Abbiamo già visto che avere una buona segmentazione è molto importante per progettare un’esperienza del cliente unica per i tuoi clienti e che si sentano come a casa.

Quando un cliente realizza un acquisto online è solito lasciare delle tracce che possiamo seguire e raccogliere per farci un’idea di chi è, di cosa gli piace e quali sono i prodotti di cui può avere bisogno in futuro. Al momento dell’acquisto ci regala dati come il suo indirizzo e la sua posta elettronica che useremo per inviargli sconti e suggerimenti alla sua posta e raccomandargli il negozio più vicino.

Il problema sorge quando il cliente va al negozio, gli viene offerta una tessera cliente per ottenere altri vantaggi e si crea una nuova scheda del cliente, o perché i dati tra il negozio online e il negozio fisico non sono sincronizzati, o perché il dipendente non trova facilmente la scheda di un cliente già registrato.

È in questo momento che suonano tutti gli allarmi.

Stiamo creando diverse schede por ogni cliente invece di lavorare con un unico ID per tutti i canali di vendita.

L’informazione in sé

Quando il cliente arriva alla cassa e sta per formalizzare il suo acquisto può non ricordare la posta elettronica che ha usato per registrarsi o, se si è registrato in un negozio, può essere che per non farlo aspettare si sia creata la scheda solo con il nome e qualcuno può averlo scritto male senza volere e… abbiamo così un cliente con diverse schede.

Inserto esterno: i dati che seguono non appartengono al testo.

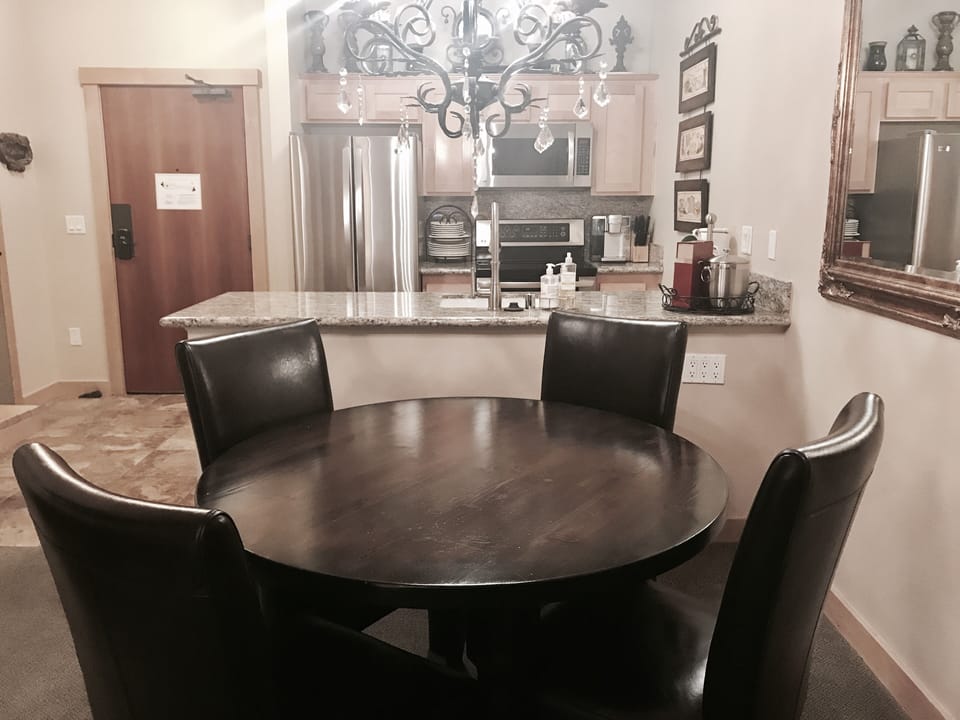 Dining room with leather chairs and crystal Chandelier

Se si lavora con un CRM tradizionale, dovremmo prestare particolare attenzione al processo di creazione di una scheda cliente per assicurarci che si completino i passaggi adeguati, che sia un processo facile e rapido sia per il cliente sia per il personale del negozio.

Se il cliente ha creato la sua scheda online non dovrebbe esserci nessun problema, purché il programma di gestione dei clienti sia correttamente applicato in tutti i negozi, sia online sia offline, ed esista un procedimento ben descritto che i dipendenti rispettino rigorosamente.

Questo è un obiettivo molto difficile da raggiungere nella vita reale.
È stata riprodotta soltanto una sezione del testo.